(Jovens na galeria Mohsen em Teerão, Financial Times)
(A
desesperante incapacidade do ocidente perceber os outros)
Sou fraco andarilho intercontinental e tenho de confessar que o oriente
nunca me entusiasmou. Para além disso, já não será com esta idade que se
consertam estas coisas, provavelmente provenientes de uma educação
pequeno-burguesa e securitária em demasia. O exotismo de outras paragens nunca
me seduziu particularmente e encaro-o como uma limitação, sobretudo para quem
se iniciou nos estudos do desenvolvimento.
Nesse registo e profundamente interessado pelas questões da mudança social
em economias com forte potencial de crescimento económico, recordo-me que a
explosão inesperada para muitos da revolução iraniana de 1979, quando os
ayatollah precipitaram a deterioração das relações do Irão com os Estados
Unidos da América e ocuparam as instalações da Embaixada americana com estrondo
mediático por todo o mundo, provocou uma forte crise identitária na sociologia
ocidental, sobretudo na americana. Predominava então por toda a academia
ocidental a convicção de que a ocidentalização do Irão estava em marcha e que
tal justificava o apoio ao poder do Xá que havia de ser expulso do processo. Aquelas
majestosas manifestações públicas de hordas imensas de gente vestida de preto
que ocupou o espaço público das cidades iranianas, cuja dimensão tornava
praticamente improvável qualquer preparação engenhosa das mesmas, irrompia
contra as convicções pretensamente sólidas da academia ocidental, então
surpreendida e petrificada pela emergência violenta dos traços mais profundos
de rebelião cultural anti-ocidente e mais acentuadamente anti-americanas.

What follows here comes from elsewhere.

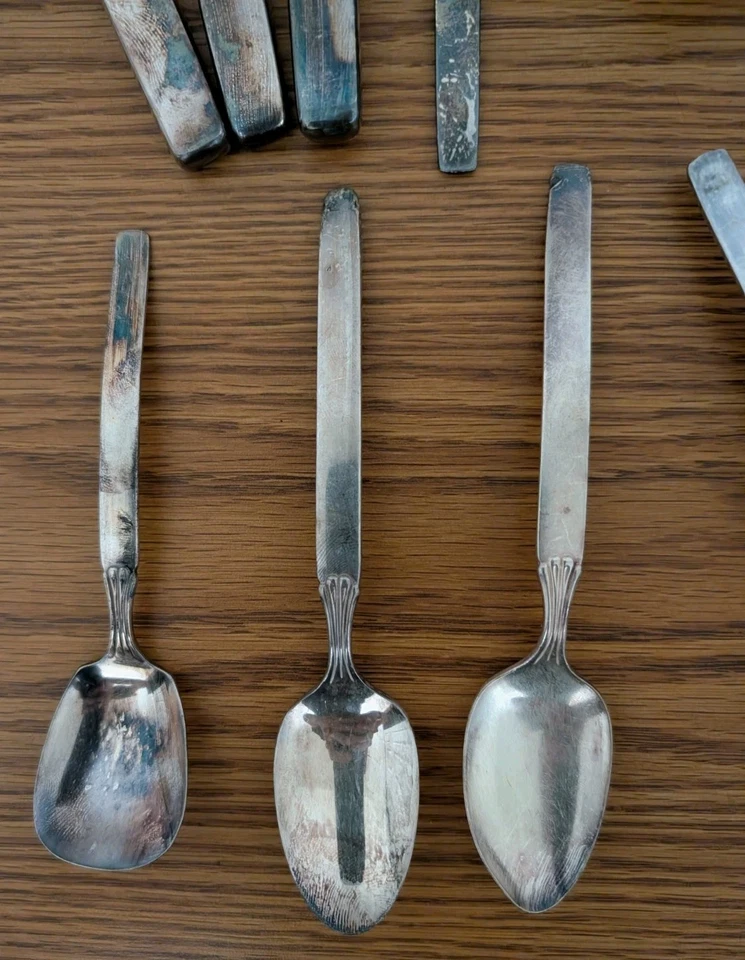 ¡Juego de cubiertos plateados vintage Oneida 43 piezas TWILIGHT COMMUNITY! Cubiertos Foto 3 de 4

Esta breve incursão pela memória dos meus registos de processos de mudança
social com profunda rotura dos trends que se estimavam sólidos e à prova de
qualquer tradicionalismo mais radical tem uma justificação. O Financial Times on line tem hoje uma peça notável de um editor de política externa Roula Khalaf,
centrada na desesperada tentativa de uma geração de jovens à normalidade: “Iran’s Generation Normal”. Dei comigo a
pensar que o ocidente não aprende. Assim, como há muitos anos atrás não
compreendeu como a ocidentalização do Irão era falsa e simplesmente colada
(sabe-se lá com quê!), provavelmente agora não será capaz de entender o
potencial de transformação social que uma geração mais jovem e mais qualificada
de iranianos apresenta no contexto de uma mais intensa circulação de ideias e
de trends à escala mundial. O cinema
de Kiarostami e outros cineastas iranianos menos conhecidos, a plêiade de
criativos que a sociedade iraniana vai gerando, as manifestações de moda em
Teerão e outros pulsares da geração jovem mais qualificada, mais conectada com
o mundo e por isso mais propensa à recetividade dos trends ocidentais. Não será por acaso que o Ali Khamenei líder
supremo ainda há pouco tempo se referia à guerra cultural que a sociedade
iraniana trava com “as más influências do ocidente”, sobretudo travada através
da maior propensão à abertura que os mais qualificados, empreendedores e
conectados revelam. E como Khalaf o assinala, a sociedade iraniana passou de
uma taxa de urbanização de 48,7% em 1979 para 71% no presente, o que anuncia
uma profunda mudança estrutural com profundas implicações. O sociólogo
Hamid-Reza Jalaipour da Universidade de Teerão traz para a recolha das evidências
de mudança um acontecimento que passou despercebido no ocidente mas que ele
associa a uma profunda viragem. No funeral de um cantor popular, cerca de
100.000 jovens juntaram-se e quebraram o vínculo do tradicionalismo rejeitando
a separação entre rapazes e raparigas, juntando simplesmente as mãos numa
manifestação gigantesca de autonomia, facto a que também não será estranho o
aumento da percentagem de mulheres com formação universitária que caminha
rapidamente para os 20%.
O que esta peça do Financial Times nos mostra é que o verdadeiro
desenvolvimento liberta as forças da mudança social e uma de duas: ou
artificialmente essas forças são domesticadas e o processo de desenvolvimento
está a ser truncado ou então o desenvolvimento liberta irreversivelmente essas
forças. E a mudança é apenas, imaginem bem, o desejo de uma normalidade. Não
terá sido por acaso que a sociedade iraniana recebeu com regozijo manifesto o
acordo em questões nucleares com Obama. Afinal, tal acordo potencia a tal
normalidade. Será o Ocidente capaz de entender de uma vez por todas a mudança
social nestes contextos? Talvez se o fizer a paz mundial agradeça.